Header

Monetary policy assessment of September 2025: Summary of discussion

23 October 2025

At the monetary policy assessment of 23 and 24 September 2025, the Governing Board of the Swiss National Bank decided to leave the SNB policy rate unchanged at 0%. The SNB communicated its monetary policy decision to the public on 25 September 2025.

The decision was preceded by an analysis and discussion of the monetary policy conditions and the economic conditions. Areas covered included the situation on the financial markets, monetary indicators, international conditions, the economic situation and the economic outlook for Switzerland.

The decision was taken by Martin Schlegel (Chairman of the Governing Board), Antoine Martin (Vice Chairman of the Governing Board) and Petra Tschudin (Member of the Governing Board).

In addition to the Members of the Governing Board, the following also took part on the first day of the assessment: Alternate Members of the Governing Board Attilio Zanetti, Rosmarie Schlup, Sébastien Kraenzlin and Thomas Moser; representatives of the divisions Economic Affairs, Money Market and Foreign Exchange, Financial Stability, International Monetary Cooperation and the Secretariat General, as well as of the Communications unit.

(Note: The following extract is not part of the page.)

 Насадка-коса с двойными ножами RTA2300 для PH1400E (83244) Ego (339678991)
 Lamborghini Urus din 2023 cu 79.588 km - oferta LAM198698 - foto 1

On the second day, the Members of the Governing Board and the Alternate Members of the Governing Board held the final consultation with a select group of experts before the monetary policy decision was taken. In attendance were the heads of the divisions Economic Affairs, Money Market and Foreign Exchange, Financial Stability, International Monetary Cooperation and the Secretariat General, as well as senior staff from the Monetary Policy Analysis, Forecast and Analysis Switzerland, Regional Economic Relations, Forecast and Analysis International, Economic Data Science, and Communications units.

Financial markets

The assessment started with a report from the Money Market and Foreign Exchange division on developments in financial markets.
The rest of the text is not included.